Sugar Skull by
Denise Hamilton hbk out September 04 Published by Orion at £17.99
Like Michael Connelly, Denise Hamilton has worked as a journalist on the LA
Times. She, for ten years. It was apparently there that she became interested in the
curious circumstances that might lead an unfortunate victim to stand out from the
large weekly toll of deaths in LA, especially when the mercury climbed into triple
digits.
So in Sugar Skull, we have young sassy reporter, Eve Diamond, working in
the LA Times office when Vincent Chevalier rushes in. He can't convince the police
to help him find his missing daughter, Isabel, so he enlists Eve's aid. He suspects
Isabel is in a squat with boyfriend Finch. Eve is suspicious of Chevalier, but follows
him and together they find the body of his daughter.
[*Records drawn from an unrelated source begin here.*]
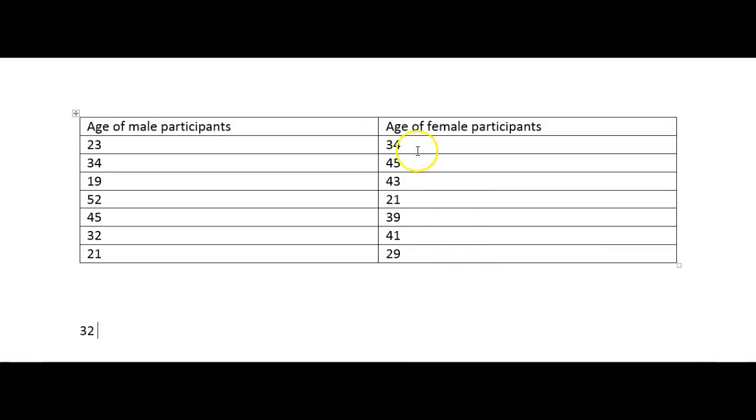So the same thing can be done for the female participants. All you would do then is just add these ages together. And then again because there's seven participants you would divide by seven and get the average age.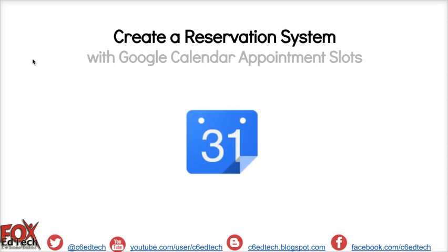Hi, this is J.P. Prezavento, the Fox C6 Coordinator of Instructional Technology. This video will demonstrate how to create an automatic room reservation system using Google Calendar appointment slots.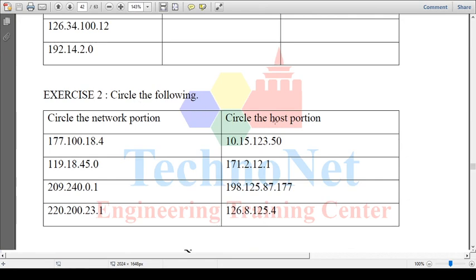That means you can use the whole portion of the host. You can use the whole portion of the host address space, so we have 127.0.0.1 being the loopback, and we can do the same — we will have the same thing.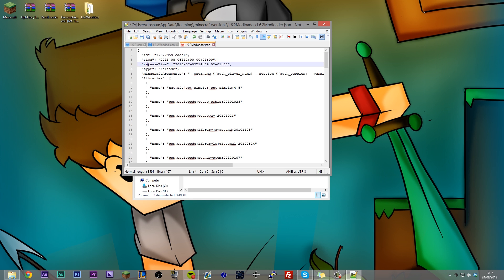You're going to see time and release time next. And we want to rename these so that it's a really old version of Minecraft. Now, you remember how we made the latest version? Well, basically when Minecraft looks for the latest version, it's going to look at these two things here, the time and the release time, and it's going to work out which one was downloaded the most recently.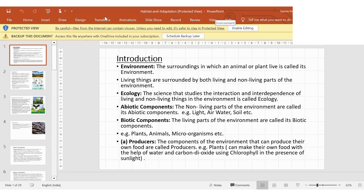Let's recap the definitions we have done. First: environment — the surroundings in which an animal or plant lives. Second: the difference between living and non-living things. Third: ecology — the interaction and interdependence of living and non-living things in the environment. Fourth: abiotic — non-living parts; biotic — living parts.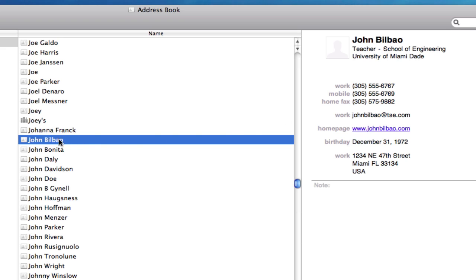So now I have everything nicely organized, only one version of this card, with all the right information in the right place. So there you go. That's how to manually merge your cards in Address Book.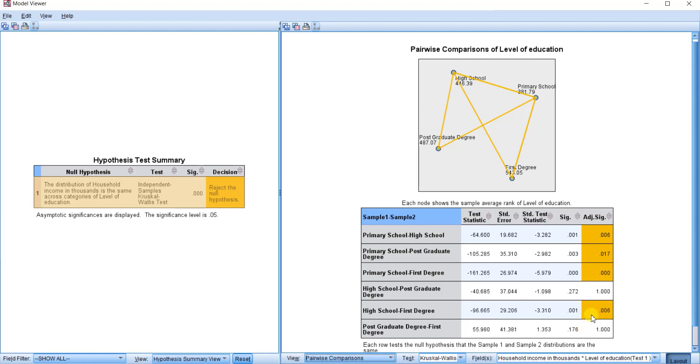So this is the results, so you can report. You can consider primary school comparing to high school. The coefficient is negative, which means that respondents who finished high school have better household income than those who finished from primary school.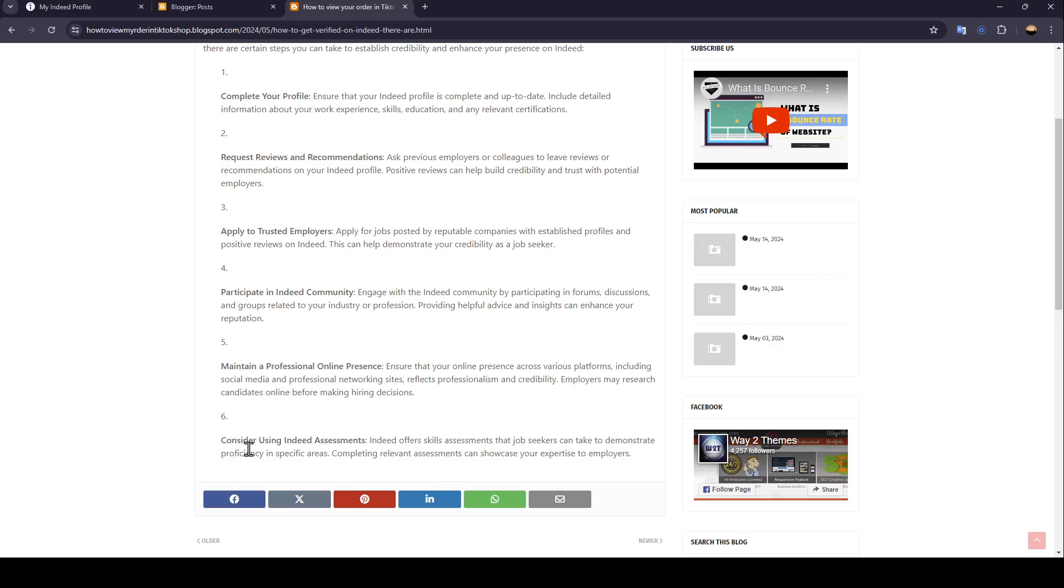Consider using Indeed assessments. Indeed offers skills assessments that job seekers can take to demonstrate proficiency in specific areas. Completing relevant assessments can showcase your expertise to employers.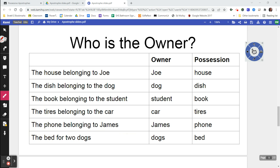So to review: the house belongs to Joe — Joe is the owner. The dish belongs to the dog — it's the dog. The book belongs to the student — student's the owner. The tires belong to the car — car owns the tires. The phone belongs to James — James has the phone. And the bed for two dogs — it was two dogs that owned that bed.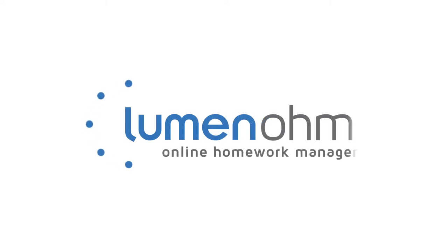In this video, we will learn how to enable the Desmos Embedded Calculator for an entire assessment with Lumen OHM.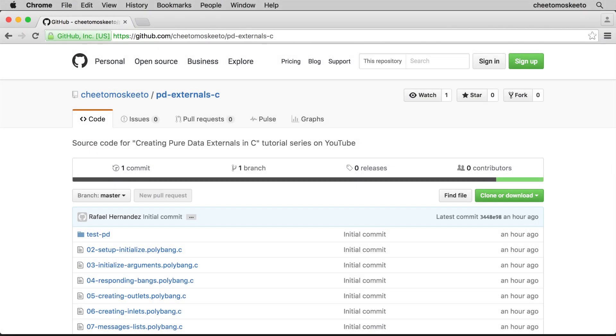Finally, the project files for this series are hosted on my GitHub page. You'll find a link to them in the description below.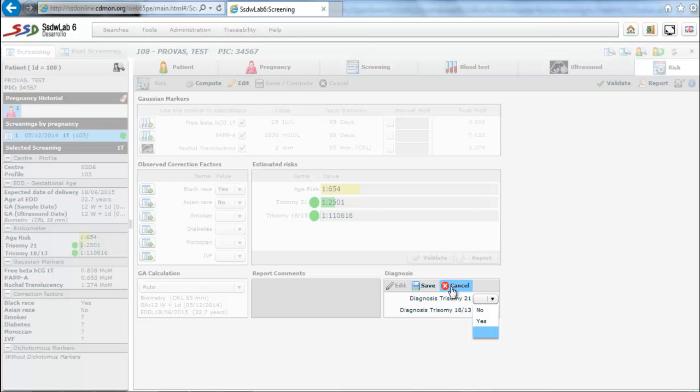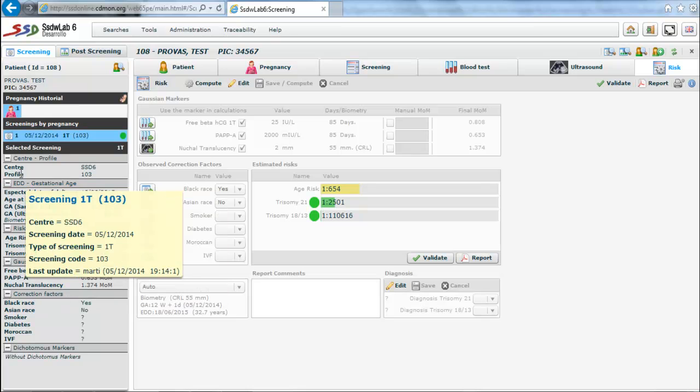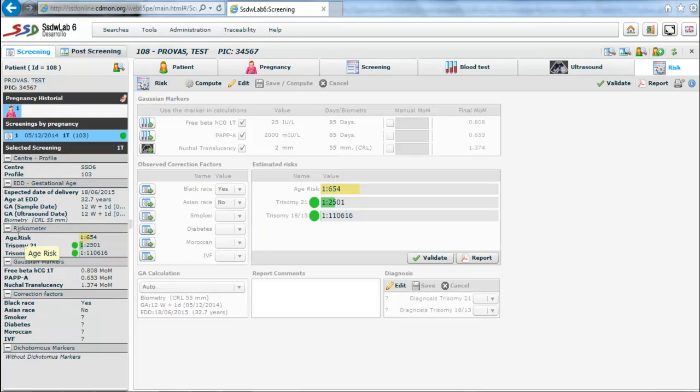On the left side of the screen there is an informative summary of the patient's screening where appears the screening date, the center, the screening profile, the gestational age, the risks, the MOMs of Gaussian markers, the correction factors and dichotomous markers if they have been used.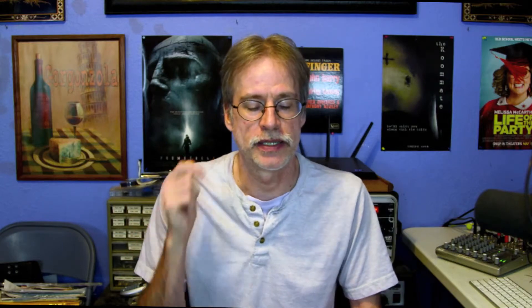Also supported right now is Cinema 4D, Unreal Engine, Autodesk Maya and 3D Max, Blender and SolidWork.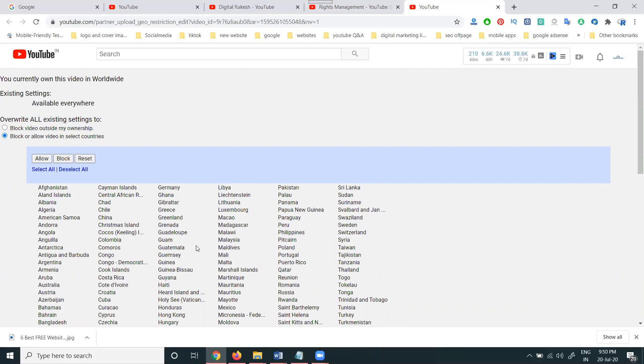You can click: allow this video only in this country selected, or block this video from being viewed in this country selected.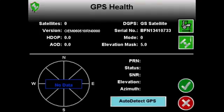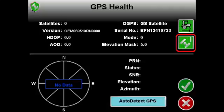Now that we are on the GPS health screen, you will notice a button on the right hand side about halfway down that has the satellite with the letter I. Pressing this will get us to receiver information.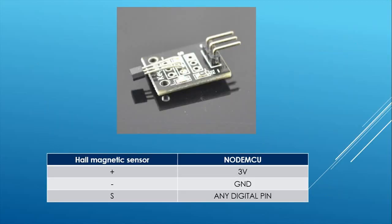The wiring is very simple. The S pin should be connected to any of the digital pins. In my case it is connected to D5.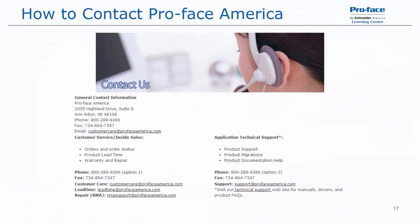Thanks for watching. If you have any questions, please feel free to contact ProFace America Technical Support by phone at 1-800-289-9266, option 2. Or by email, support at ProFaceAmerica.com. You can also visit our website, ProFaceAmerica.com, for manuals, drivers, product FAQs, and other product and software information. Thanks again, and have a great day.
It seems she is one of a group of
well-to-do girls who find excitement in consorting with the down-and-outs living in
squats. Paolo Dellaviglia Langdon, son of Venus and Carter Landon III, has also been
involved in this pursuit. When Venus is suddenly found dead in suspicious
circumstances, it catapults the sordid but unremarkable death of Isabel Chevalier into
the news. In the mean time, Eve, as part of her job as reporter, gets amorously
involved with Silvio Aguilar. He works in the Mexican music business along with his
father Felipe. Then another death - the apparent drive-by killing of Silvio's brother,
Ruben Aguilar - occurs. It seems unrelated, until Eve discovers that Ruben was due
to be working for Venus, and was maybe more involved with her than in a purely
business sense. Sugar Skull gives us an insight into the Mexican-American subculture, as Eve
Diamond delves into the twin worlds of the alien and the drop-out. We get maybe
more than we need to know about Mexican popular music as a background to the
story, and some overly-heavy observations on the social problems of awkward
teenagers and runaways. But all the usual characters are here: Jane Sims, bitchy boss
of Eve; Josh Brandywine, son of famous reporter, favoured over the hard-working
Eve; Luke Vinograd, close friend and confidant of Eve - safe for her to be around
because he is gay; Venus Langdon, beautiful Italian socialite with a dark ethnic
secret; Scout, troubled Hollywood street kid, who is taken in by Eve and who robs
from her. Sometimes the dialogue lumbers unrealistically as it is used to move the
details of the story on, but that is a minor distraction. The denouement is reward
enough for the reader who forgives the few faults, as it plays out to a background of
tacos, a tamarindo and Mexican rocanrol>.
(
Ian Morson
Author of Falconer books and short listed for 1999 Ellis Peters Historical Crime Dagger)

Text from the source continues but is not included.